On the contrary, introverts may have an easier time making deep and meaningful connections thanks to their preferences. Where extroverts tend to connect with as many people as possible, introverts make connections with fewer people in deeper ways.

If you are an introverted business owner, you’ve likely found yourself completely drained after a networking event, or worse, passing them up to stay home and read a book. Neither is ideal for collaborations. What an introvert needs is a good plan to help maximize your networking experience without needing a week of silence afterward. Consider these dos and don’ts for better networking. 
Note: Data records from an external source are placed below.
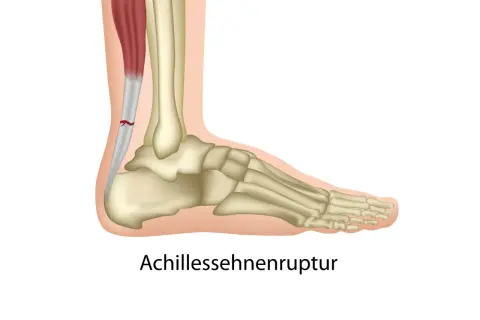 Achillessehnenruptur: Ein Riss in der Achillessehne, der durch Magnesiummangel begünstigt werden kann.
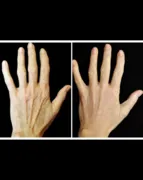Imagem ilustrativa da imagem Radiesse para as Mãos: O Toque de Juventude que Suas Mãos Merecem
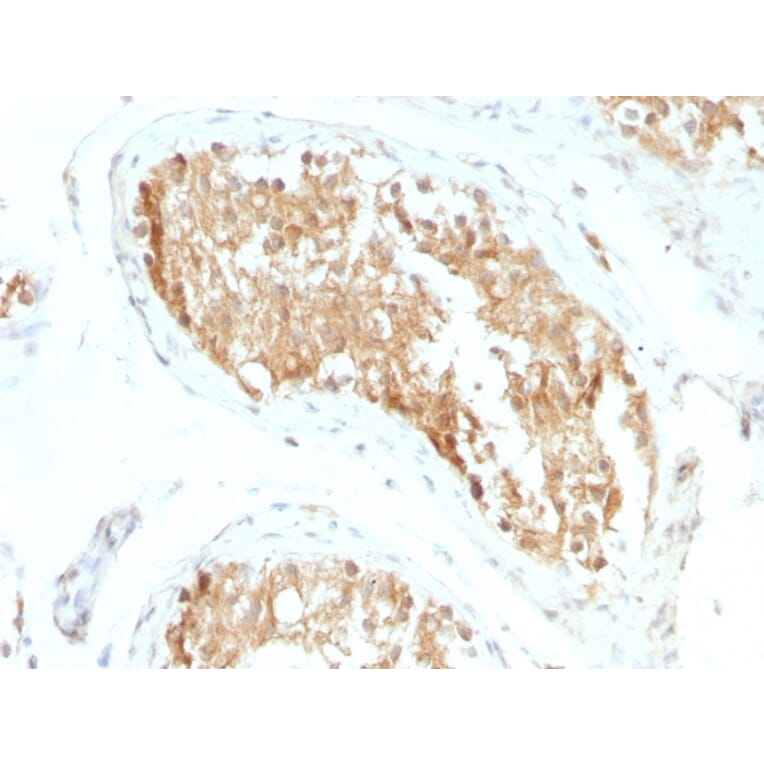 Immunohistochemistry - Anti-ALDH1A1 Antibody [ALDH1A1/1381] - BSA and Azide free (A251704) - Antibodies.com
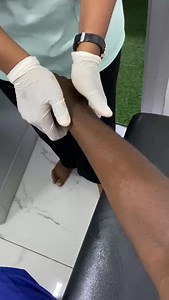 Un jour avec un Kinésithérapeute Épisode 2 – Rééducation de la main #kinesitherapie #kine #Reeducation #main #massage #mobilisation #douleurs #santé #rehabilitation | Kinésithérapie : Soins et Conseils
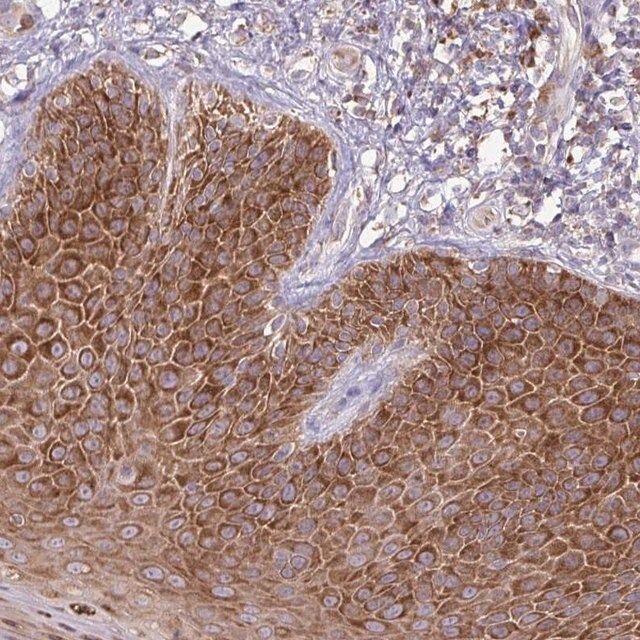 Anti-RPS3 antibody produced in rabbit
Do – Choose networking events wisely Don’t – Pretend you’re an extrovert
Do – Get your own lodging Don’t – Forget to schedule downtime
Do – Focus on follow-up networking Don’t – Overthink things 

Choose networking events that matter

There’s no shortage of ways to network. From civic groups, conferences, B2B, and more. Do NOT attend them all. That’s a recipe for disaster. Choose your networking experience wisely. 

Which type of networking makes the most sense for your business needs? Do you need to attract customers, find suppliers, build relationships with colleagues? Choose the events that deliver what you need most so you are invested in the social engagement and less likely to skip it. 

Get your own place 

Extroverts love sharing rooms, cars, or doing anything to keep the fun going. Introverts need a quiet space to rejuvenate and be alone. If possible, secure your own flights, cars, and lodging if you are traveling for networking events. The solitude will make it easier to network and be social. But, if traveling with others is a necessity. Try to get to your private room earlier so you have time to get some time for introspection before heading to the event. 

Connect after the event 

One of the easiest ways to network is through follow-up. Connecting with people after an event makes it easier to have a distraction-free conversation. Collecting contacts at events and following up one-on-one is a very effective way to stand out. Be sure to keep those contacts organized. While at the event use a notebook to jot down what you remember or talked about with the person (write down their name, too)  on the other side of that business card. 

Don’t send mixed signals

Be yourself. You may feel compelled to “fake it till you make it” when it comes to networking. To suck it up and attend every event and act like you’re having the time of your life. This may give the wrong signal to people who are attracted to your energy only to discover down the line you are, in fact, an introvert. Be confident in your communication style and don’t try to overcompensate at events. 

Schedule time alone

It may seem like it’s a waste of time to step away from the excitement (and opportunities) at a networking event, but it’s important for introverts to get downtime. Whether it’s taking a 20-minute break in your car or hotel room, eating a meal alone, or going for a run, the downtime will give you the energy to keep networking. Also, schedule a day off (at least a half-day) after big networking events to allow yourself time for quiet and regain energy. 

Don’t worry about it

Introverts process internally which can lead to loops in thinking. If networking is a chore it’s easy to believe you’re not doing it right. Networking isn’t about becoming the darling of the group. It’s about making meaningful and mutually beneficial connections for your business. Don’t overthink things, do your best and have fun. 

The Bottom Line

So, for those who are introverts, you may burst into a cold sweat at the idea of attending a networking event. Or, if your internal groan starts in the parking lot and gets louder as the event continues…. consider that if you choose your path wisely, plan accordingly, and bake in time alone, you may find yourself networking like an extrovert without any of the disadvantages.